#### What is being asked:
In the listing that follows, find the line with "Photo of 2023 Oxford White Ford F-150", then copy exactly from it through the line with "3D Kunstpuzzle Vase", leaving out every picture.

== Segment start ==

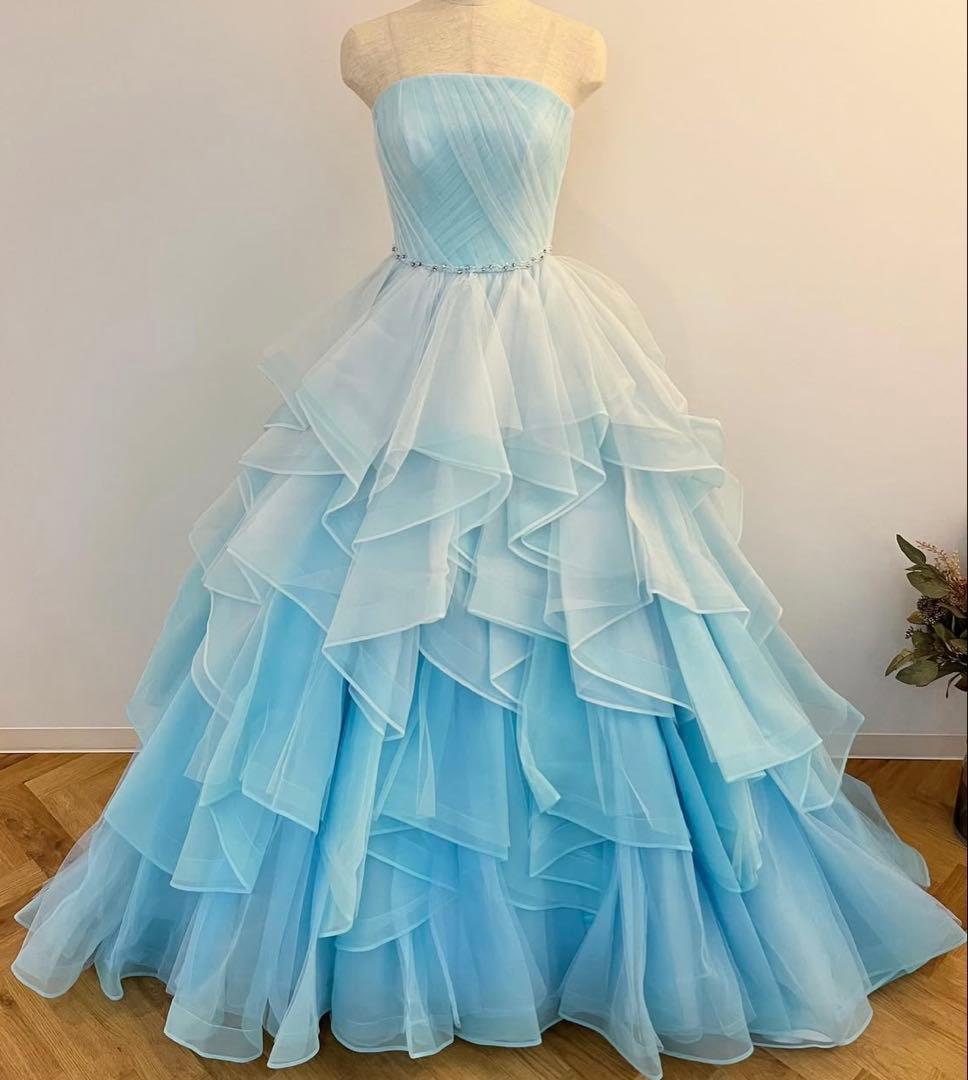 ANTEPRIMA MARIAROSA ANT0123 水色ドレス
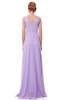 ROCHII DE SEARA - Rochie de seara Angelique Light Purple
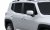 Paketet innehåller lister för 4 dörrar och passar Jeep Renegade från 2014-.
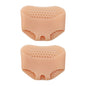 Pexmen 2Pcs Metatarsal Pads Ball of Foot Cushions Gel Forefoot Pad for Metatarsalgia Pain Relief Mortons Neuroma and Callus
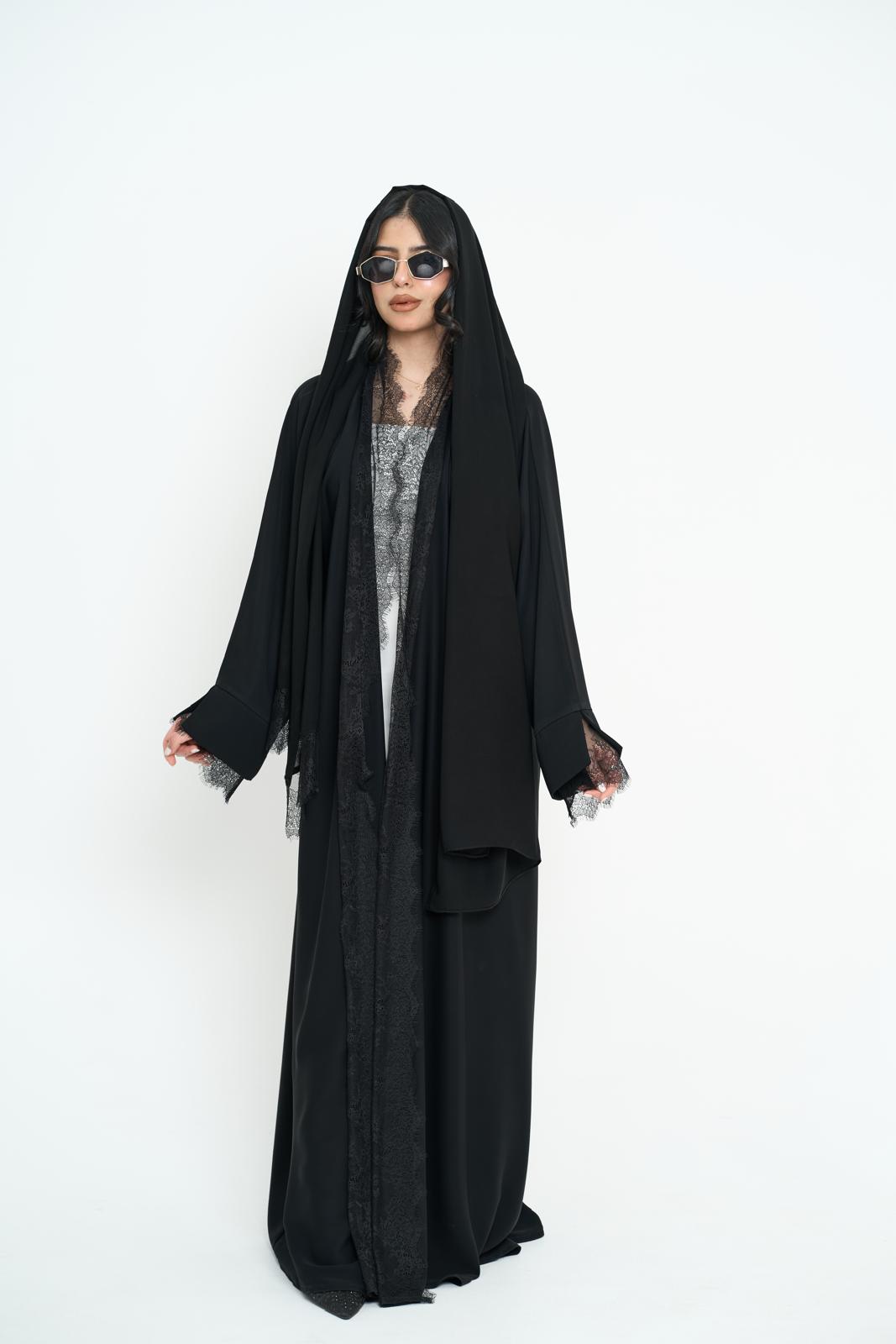 ELEGANT ABAYA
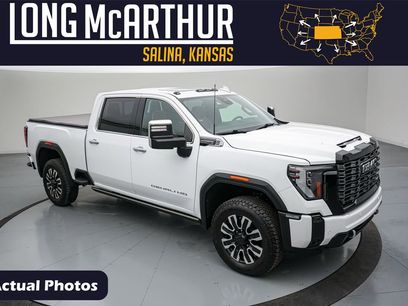 Used 2025 GMC Sierra 2500 Denali Ultimate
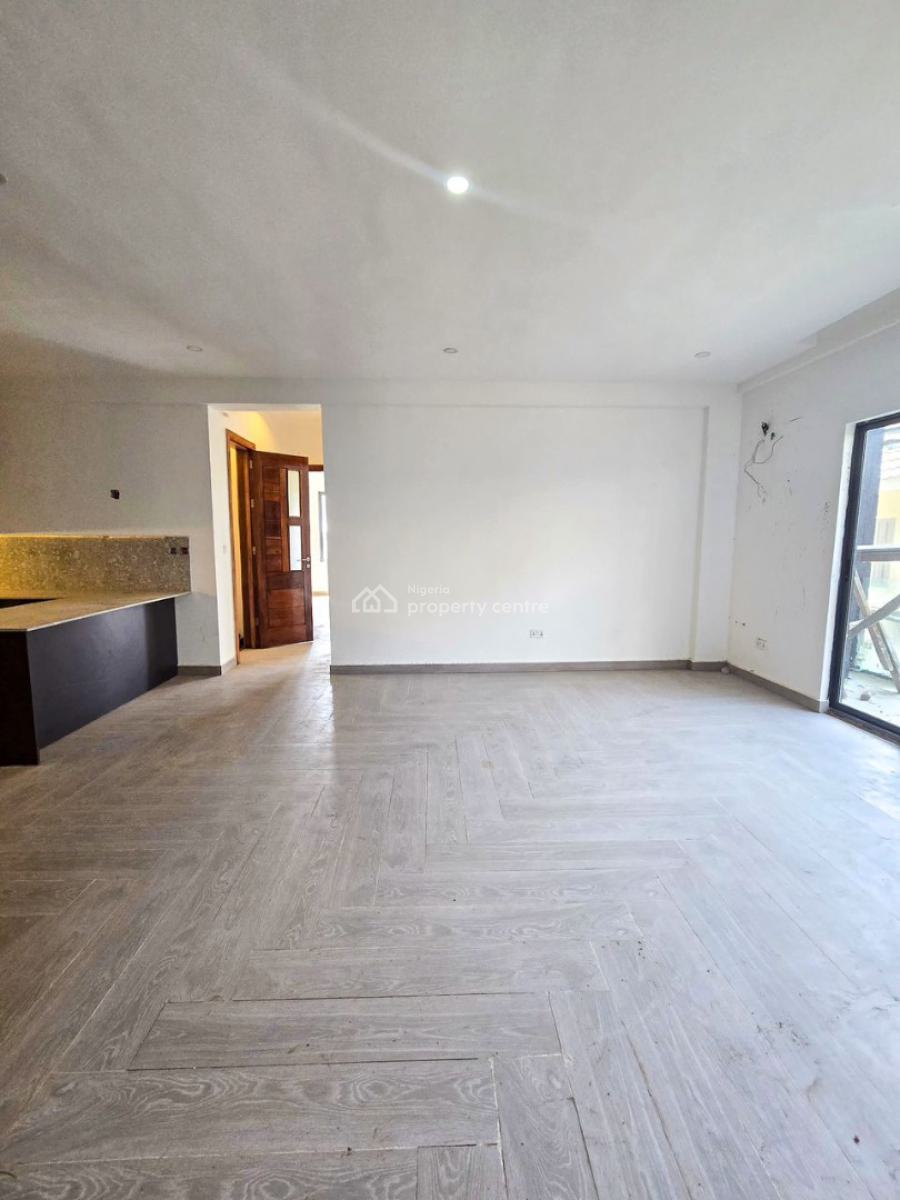 Exquisitely Designed 3-bedroom Apartment with Bq, Ikate, Lekki, Lagos, Flat / Apartment for Sale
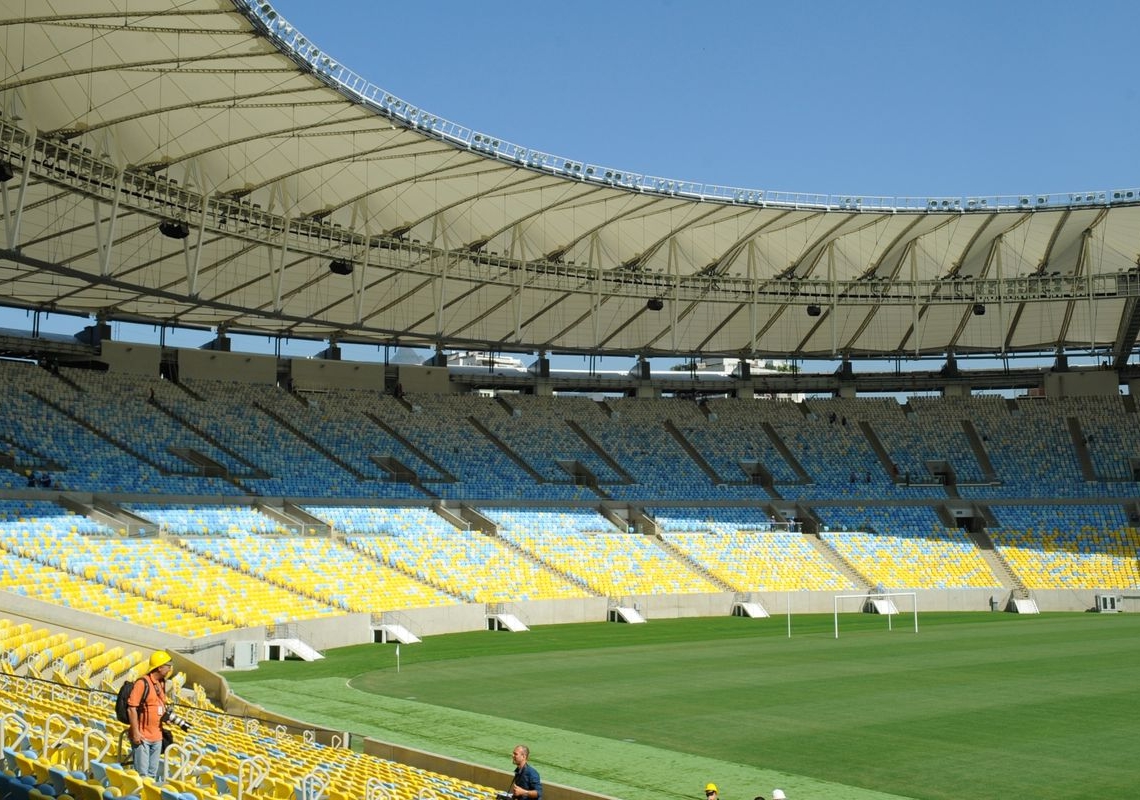 Maracanã será palco de abertura da Copa do Mundo Feminina de Futebol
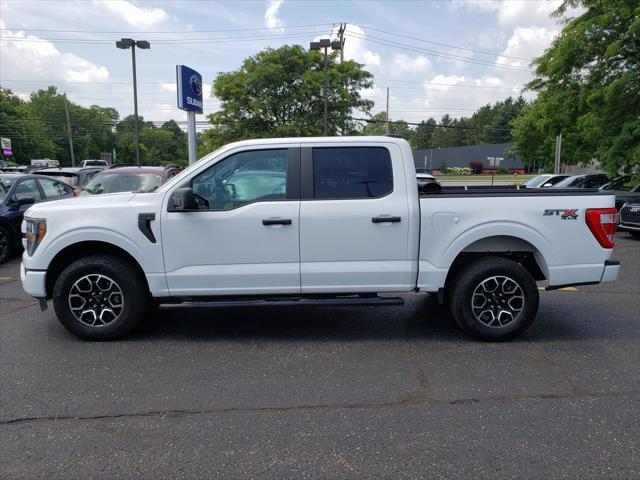 Photo of 2023 Oxford White Ford F-150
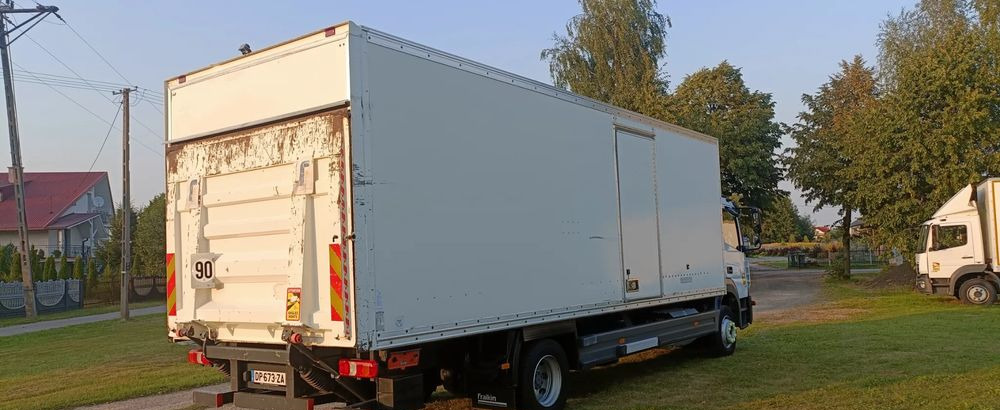 Mercedes-Benz Atego - Hladnjača: slika 5 Mercedes-Benz Atego - Hladnjača: slika 5
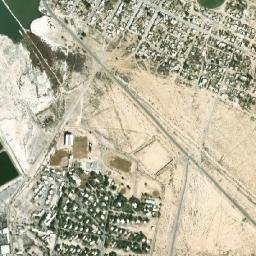 Laguna del Rey (Químicas del Rey) map(satellite map)
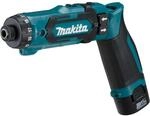Makita Akkuschrauber DF012DSE inkl. 1,5 Ah Akkus mit Koffer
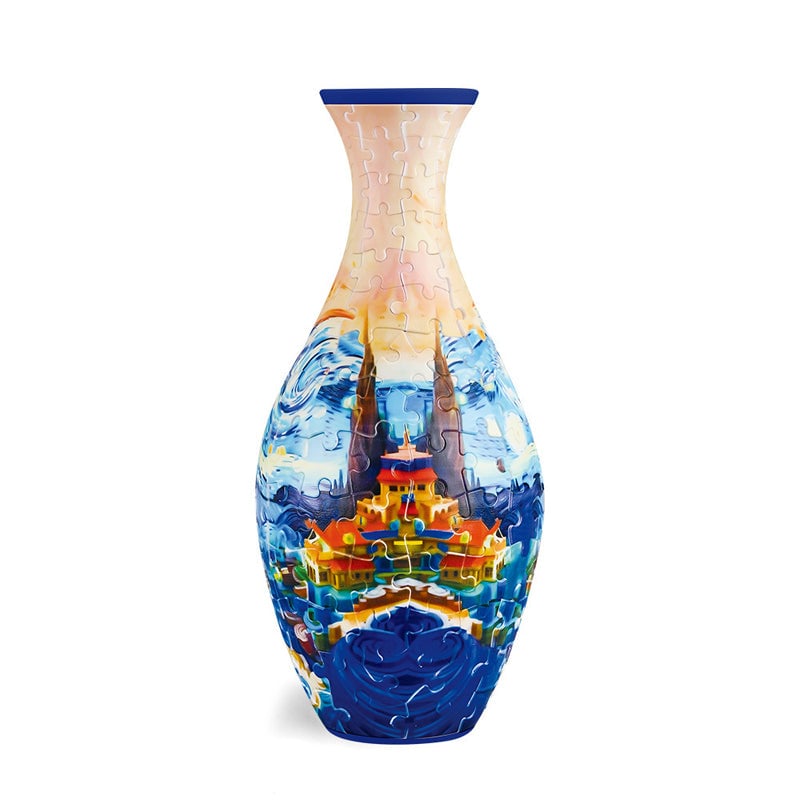 Frendorf |  ArtVaze - 3D Kunstpuzzle Vase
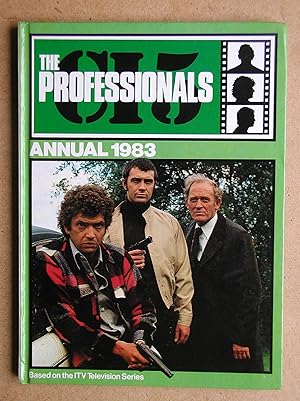 Image du vendeur pour The Professionals Annual 1983. mis en vente par N. G. Lawrie Books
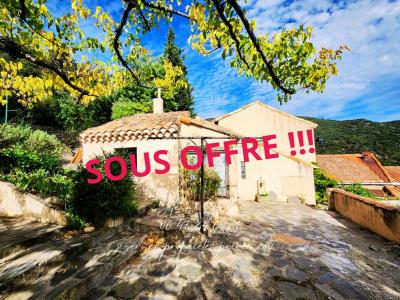 Vente Maison 100 pices VIEUSSAN 34390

== Segment end ==

#### The completed task:
 Photo of 2023 Oxford White Ford F-150
 Mercedes-Benz Atego - Hladnjača: slika 5 Mercedes-Benz Atego - Hladnjača: slika 5
 Laguna del Rey (Químicas del Rey) map(satellite map)
Makita Akkuschrauber DF012DSE inkl. 1,5 Ah Akkus mit Koffer
 Frendorf |  ArtVaze - 3D Kunstpuzzle Vase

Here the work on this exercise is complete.